> _Stored data_
......

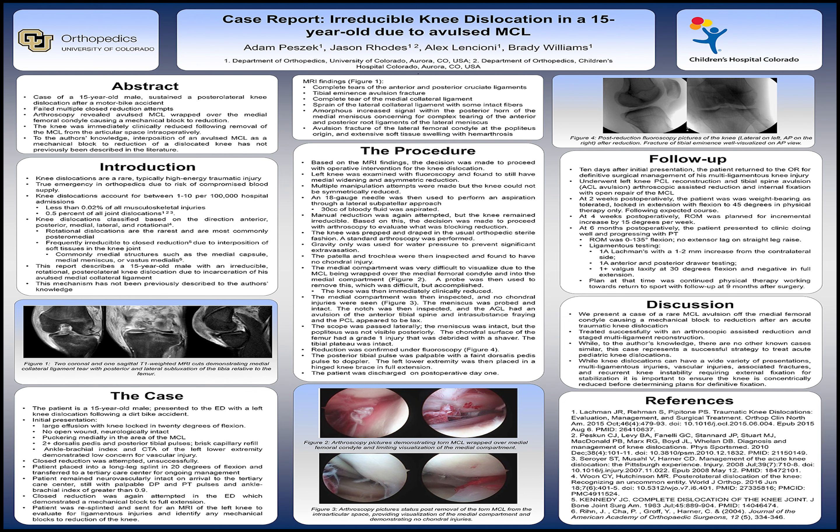His range of motion at that visit was 0 to 135 degrees of flexion, with no extensor lag on a straight leg raise test. Ligamentous testing showed a 1A Lachman's with a 1-2mm difference from the contralateral side, 1A anterior and posterior drawer testing, and 1-plus laxity to valgus stress at 0 degrees with no laxity noted at full extension. The plan was to continue physical therapy with return-to-sport testing and follow-up planned at 9 months after surgery.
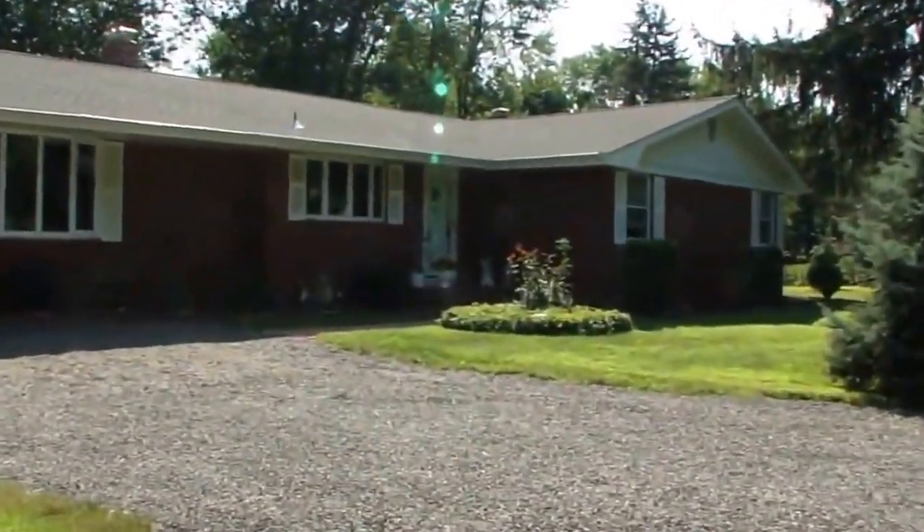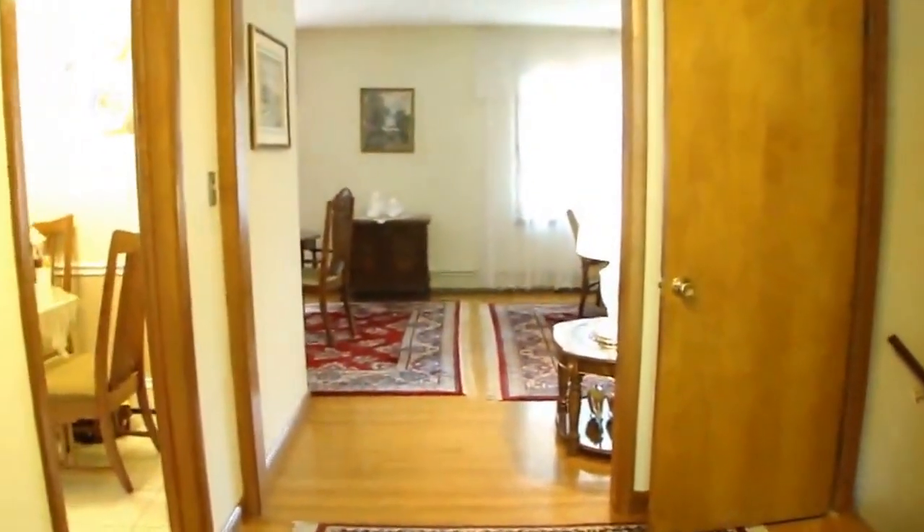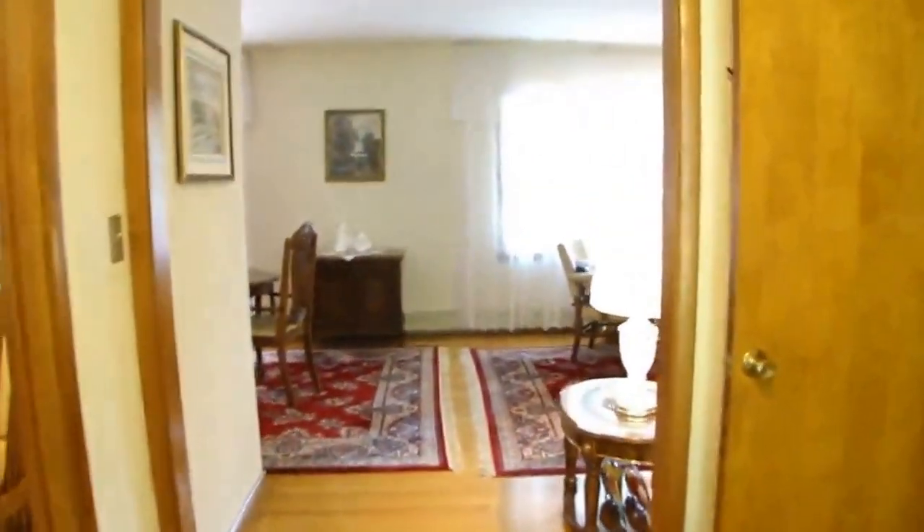Lovely brick ranch, three bedrooms, three full bath, and oversized two-car garage. This home has beautiful hardwoods throughout.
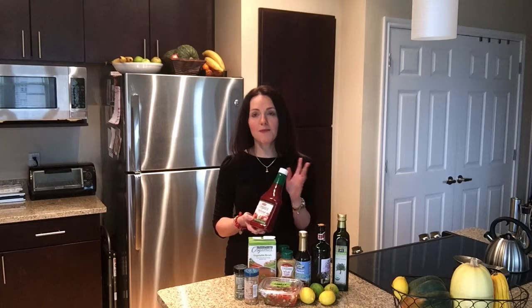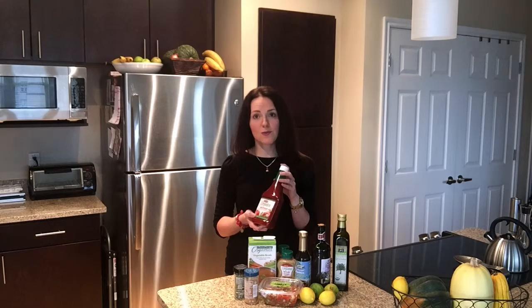Another one of my favorites is ketchup. This is an organic brand, which I do recommend, because a lot of the commercial ones have high fructose corn syrup. But ketchup is great to add a pop of flavor on anything from eggs to potatoes, so I highly recommend ketchup.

......

From the line with "Lovely brick ranch, three" through the end of the listing, write out every line exactly, leaving out the pictures.

Lovely brick ranch, three bedrooms, three full bath, and oversized two-car garage. This home has beautiful hardwoods throughout.
Another one of my favorites is ketchup. This is an organic brand, which I do recommend, because a lot of the commercial ones have high fructose corn syrup. But ketchup is great to add a pop of flavor on anything from eggs to potatoes, so I highly recommend ketchup.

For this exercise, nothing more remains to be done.